In Virginia, Hope Grows on Trees


Thirteen residents from Norfolk gathered to plant more than 40 native trees in Poplar Hall Park, part of a three-day effort to help prevent further erosion of the banks of a stream that runs through the park.

Vanessa Remmers

Virginia’s trees are disappearing. A tree planting in Norfolk—and conservation efforts from state lawmakers—offer signs of hope

From the banks of the stream running through Poplar Hall Park and into the Elizabeth River, Karen Cifranick could still hear the whine of 18-wheeler trucks and cars.

But the sound felt distant. Tucked behind some old growth trees and sprawling green space, Poplar Hall Park’s stream can make Interstate 264’s traffic—and the rest of Norfolk’s development—seem, at least a little, like a different world.

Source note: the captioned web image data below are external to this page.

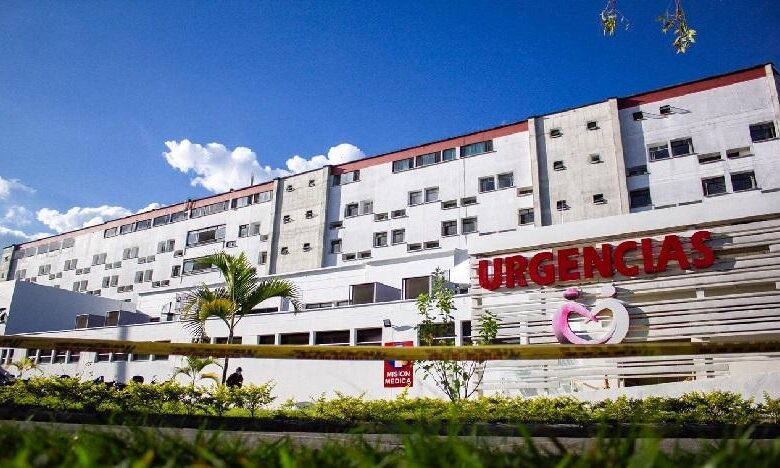 "El país enfrenta desabastecimiento de medicamentos y "la institución no es ajena a esta situación": Hospital Federico Lleras 1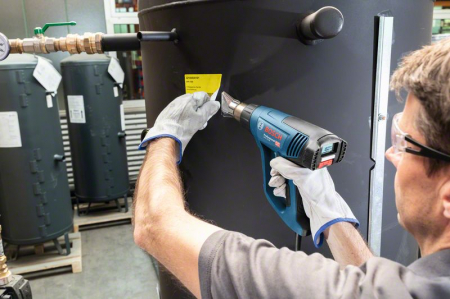 Bosch GHG 23-66 Suflanta aer cald, 2300W [2]
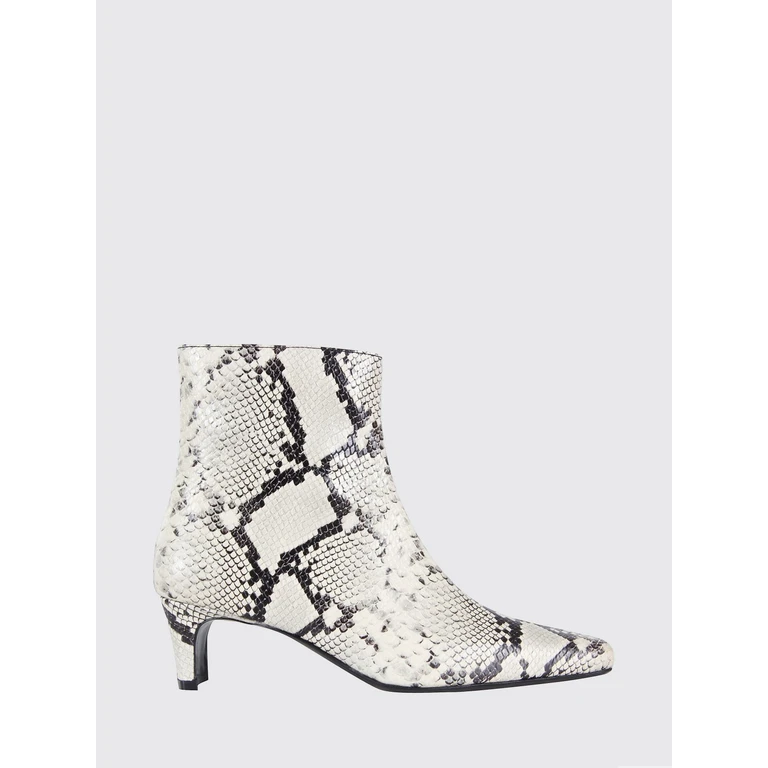 Boots Woman color White (F25F1026WSWHITESNAKE)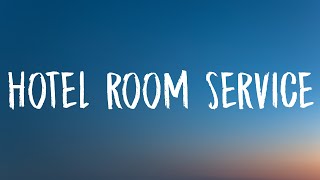 Pitbull  Hotel Room Service Lyrics [upl. by Ylloj]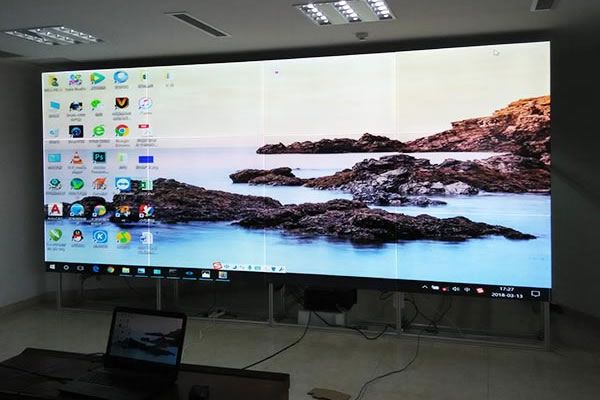 无缝拼接屏的显示效果怎样？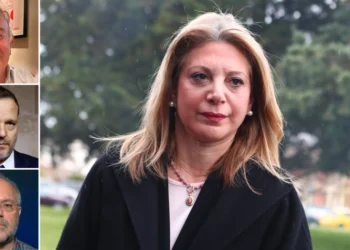 Οι «φιλορωσικές επιρροές» της Μαρίας Καρυστιανού: Ο επιχειρηματίας, ο καθηγητής, ο δημοσιογράφος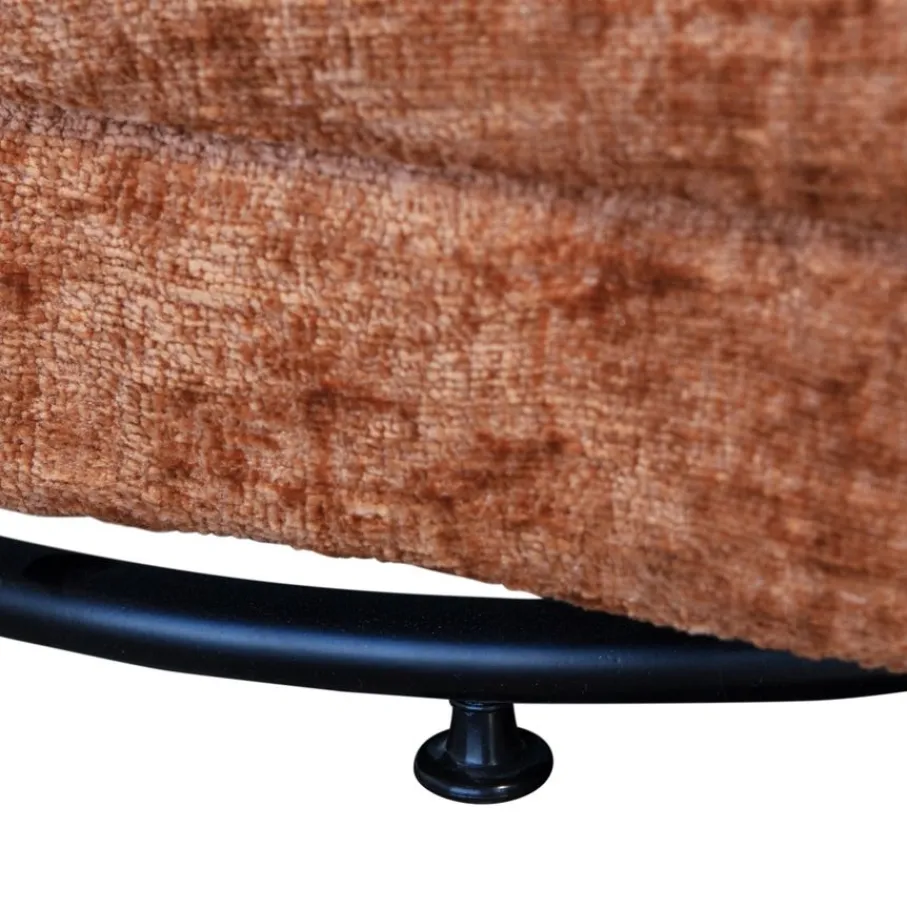 Fauteuils<WOOOD Draaifauteuil Atty Bloesem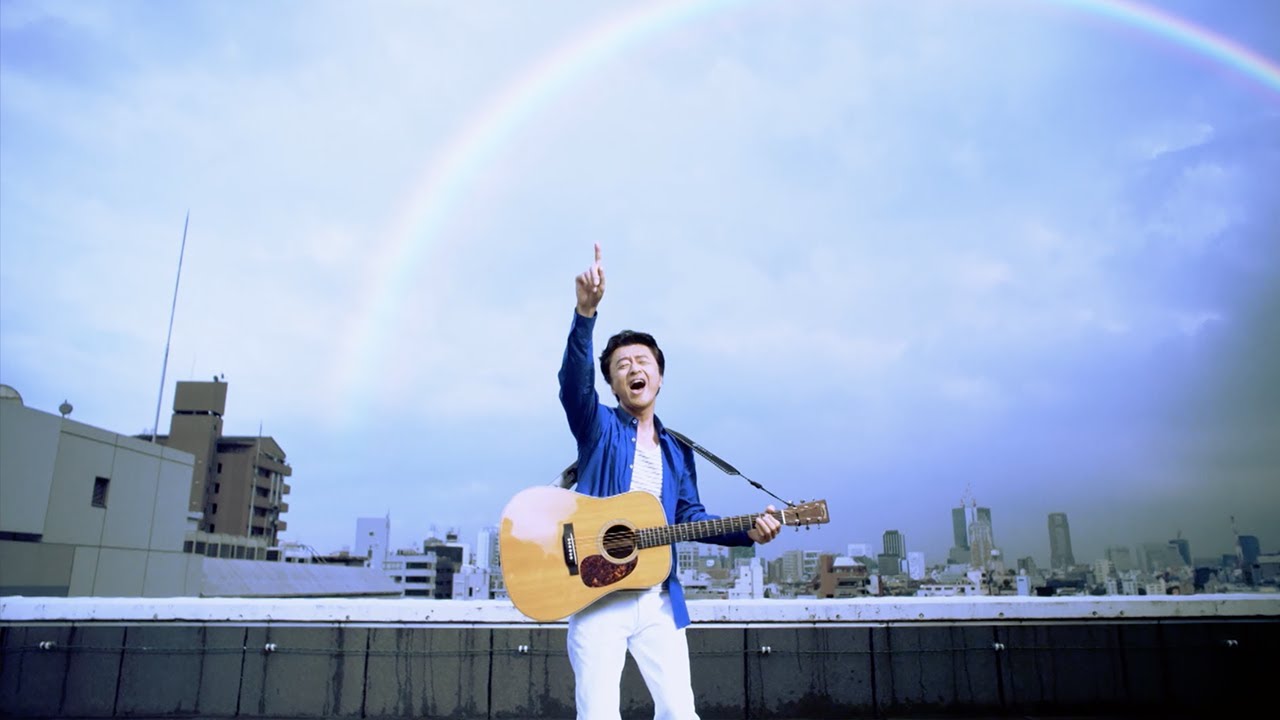 桑田佳祐 – Let's try again ～kuwata keisuke ver.～（Full ver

It’s a feeling Cifranick and other volunteers hoped to preserve as much as they could. With shovels in hand, 13 residents from around the region teamed up with CBF and the City of Norfolk to plant just over 41 native trees in the park earlier this month.

In the past decade, there's been an alarming loss of Virginia's tree canopy.

The sweet bay magnolias and little blue stems were chosen for their enhanced ability to prevent further erosion of the stream’s banks.

The volunteers’ work would be followed by two more tree plantings at Poplar Hall Park, all to aid in Norfolk’s push to increase its tree canopy from 23 percent to 30 percent. Over the years, Cifranick is one of many of the region’s residents who said she’s watched green spaces replaced by asphalt or multi-story buildings.

To look at a tree canopy map of the state, what she saw in her region’s backyard could be seen playing out across the Commonwealth.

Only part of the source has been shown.